What needs to be done
Your answer is to be every line of the material that includes the string "with".

Records

-=-=-=-=-

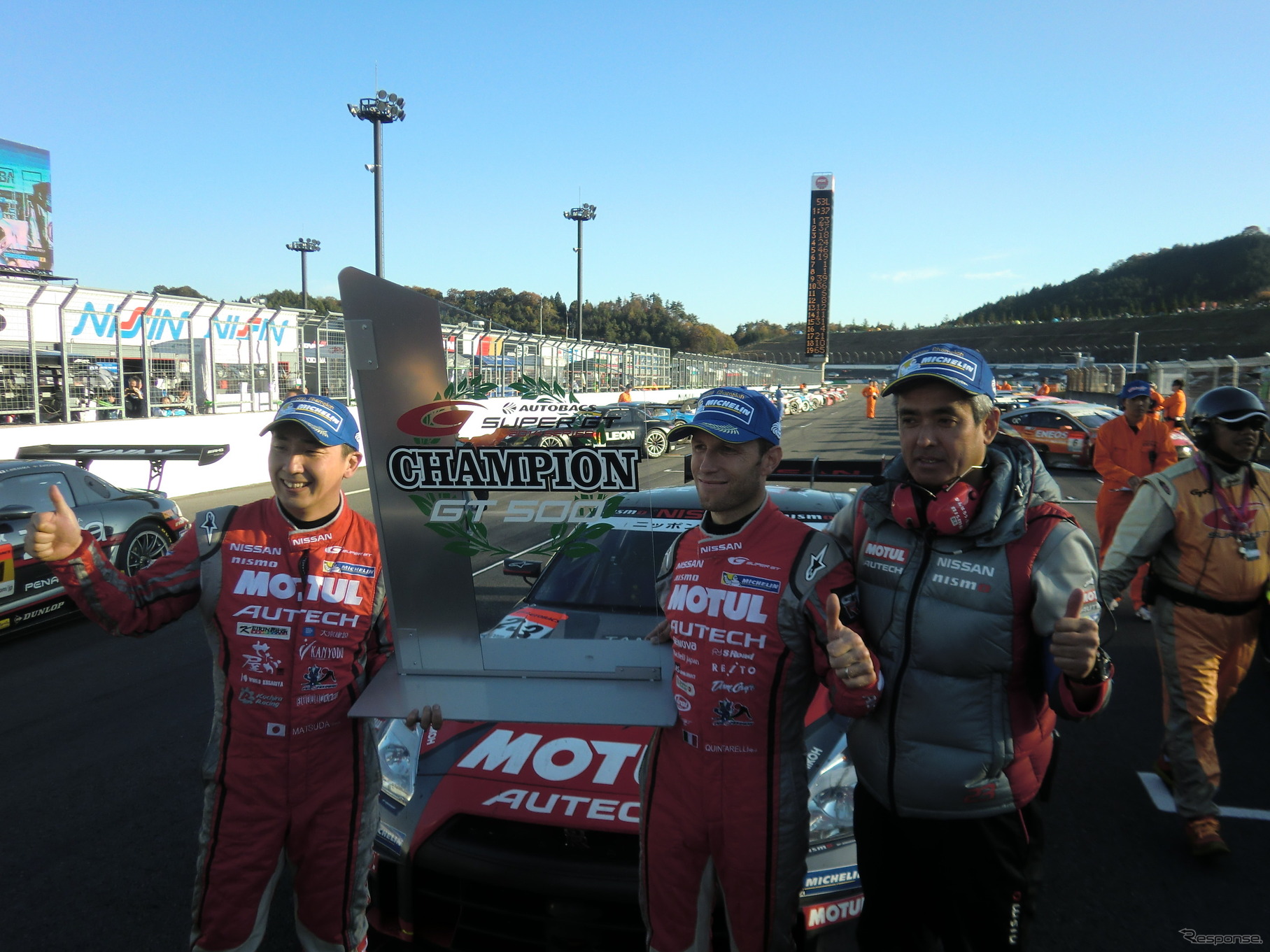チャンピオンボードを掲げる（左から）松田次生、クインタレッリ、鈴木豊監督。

-=-=-=-=-

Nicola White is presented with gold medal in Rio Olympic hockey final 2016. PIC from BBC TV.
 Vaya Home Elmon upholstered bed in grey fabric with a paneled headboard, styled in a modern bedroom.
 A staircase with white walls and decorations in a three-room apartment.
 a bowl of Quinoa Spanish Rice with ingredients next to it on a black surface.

-=-=-=-=-

Exercise response
Nicola White is presented with gold medal in Rio Olympic hockey final 2016. PIC from BBC TV.
 Vaya Home Elmon upholstered bed in grey fabric with a paneled headboard, styled in a modern bedroom.
 A staircase with white walls and decorations in a three-room apartment.
 a bowl of Quinoa Spanish Rice with ingredients next to it on a black surface.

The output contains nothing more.